Q. What does your family think about your book?
A. My siblings loved it; then my sister Liz had a change of heart and asked me to take out a story about her. She was dying of cancer and I didn’t want her to die upset and angry with me, so I put the book away for awhile. Then there are my two sons. We live in the same small town and they are somewhat horrified that personal is now public. Proud of me, happy for me, but for them, it’s too much information.

Q. What was your inspiration?
A. I wrote a story “Queen Bee” in a workshop that connected me more deeply to my siblings. Subsequently, I wanted to know more about my mother, so I had a family reunion. Four generations of family sat in a circle in my living room and introduced themselves with stories about her.
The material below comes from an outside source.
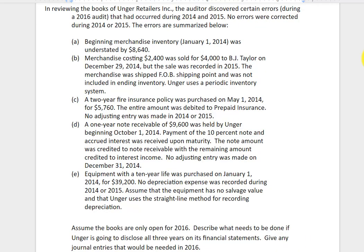Welcome to a quick explanation of how we might complete this assignment. Normally if this were a face-to-face situation, we would do this in class, but we'll do it together here. This is the problem we're going to work on. The information given is that we found certain errors during the 2016 audit that occurred during 2014 and 2015, and none of them were corrected previously. Only the books are open for 2016, so we can only make journal entries in 2016.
These were the beginnings of the memoir.

Q. Are you planning to write another book?
A. This edition of Behind These Doors is a broad sample of the complete book. The full memoir, Through Any Given Door, is offered as a free web serial. This seems to be the most confusing piece for readers. Passages from Behind These Doors, A Family Memoir is composed of twenty stories from the full memoir. I created an audio, eBook, and paperback (54 pages) versions of those twenty stories. The full book is much longer. Now I’m back to working on our family genealogy.

Q. Why did you decide to record some of the stories from Behind These Doors?
A. When my friend Reva Metzger was dying of cancer, I went to say goodbye toward the end of her life. I had a bound book of sixty-something stories and I left it for her. Reva could no longer read, but she could listen, and her sister read her one of my stories every night until the day Reva died. They made her laugh and distracted her to different destinations. Touched to participate in her dying process, and I wanted to honor her in return. I was going to record sixty stories, but it turned out to be an extensive and expensive undertaking, so I completed the project at twenty.
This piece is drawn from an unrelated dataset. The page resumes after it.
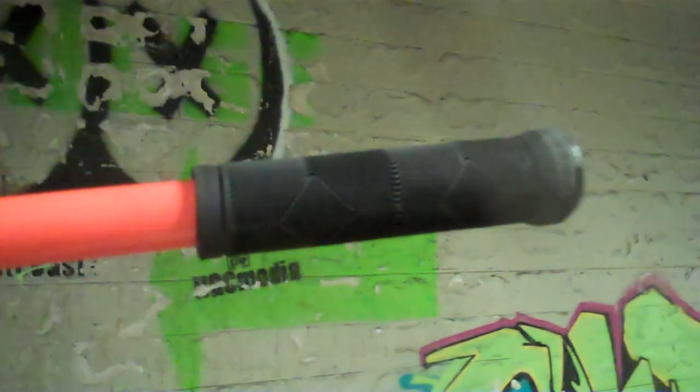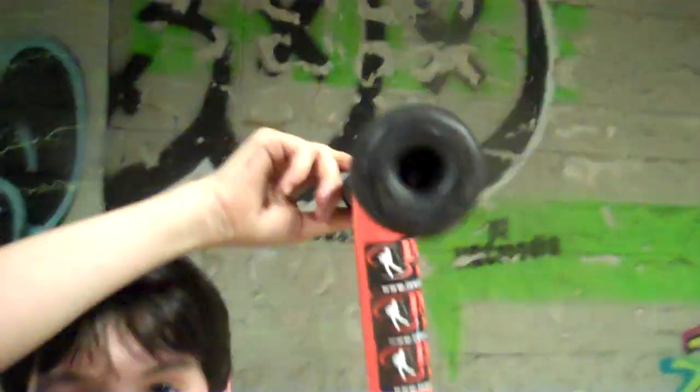Okay, scooter check. Starting at the top, I have black Animal Edwin grips with stock bar ends.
Q. How frequently do you write?
A.Whenever I’m inspired, which is often. My schedule is flexible so I split my free time between writing and working on genealogy.
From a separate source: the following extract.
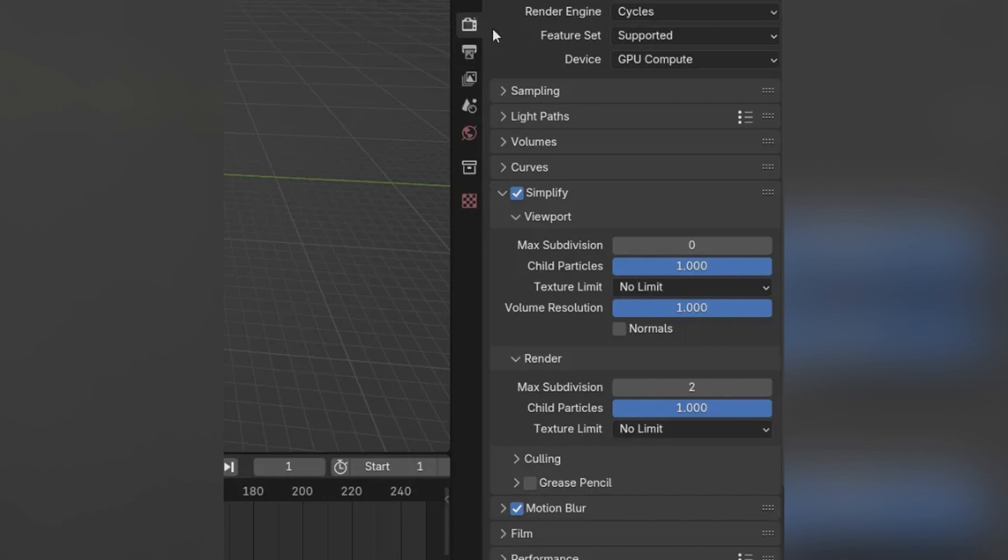In the frame range, set start frame to 1 and end frame to 80 or your final frame.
Q. What/who has helped you most in your writing?
A. Two mentors and friends. Stephanie Moore helped me find my voice. I spent five years in her Monday night writing group, penning and getting feedback one story at a time. The other was Michael Naumer, the teacher with whom I worked for five years in Beyond the Game. Being immersed in the transformational work he taught (along with many other courses and workshops I’ve done) gave me another level of perception, a different way to see the events in my life and the world. Studying the Enneagram, an ancient model of personality and study of the human psyche, was also invaluable in helping me understand myself and others.

Q. What makes your writing appealing?
A. The stories are universal, so people relate to them. Most of us have difficult family relationships or have experienced challenging situations. Our past experiences make us rise to the occasion and become who we are—or—descend to the occasion if one chooses the slippery slope. I try to write transparently, and am able to tell my story without “being” my story. For a woman who was seldom in touch with her feelings, the practice of writing allows me to tap into and translate them onto the page. I’m also pretty funny. You’re either going to feel a kinship and say, “that’s my family, too,” or “my family isn’t as bad as I thought!” For others, Behind These Doors may beckon; personal reflection isn’t everyone’s cup of tea.

Q. What was the biggest gift for you in this process?
A. There were three:
1. Gaining a larger picture and an understanding of my mother.
2. A reconnection with my siblings and a sense of keeping the family together. Writing this book, along with all the genealogy work I’ve compiled, has done that, and then some!
3. In the five years I lived with my mother, I was raised by omission—by neglect—and neglect doesn’t leave a scar, it leaves a hole. Time, understanding, and writing Behind These Doors transformed this hole into a kind of wholeness—and out of this wholeness, a kind of holiness emerged. Therein lies the grace. Also, my mother wanted the same things I want: to be seen and to be heard. Writing this memoir did that, for both of us.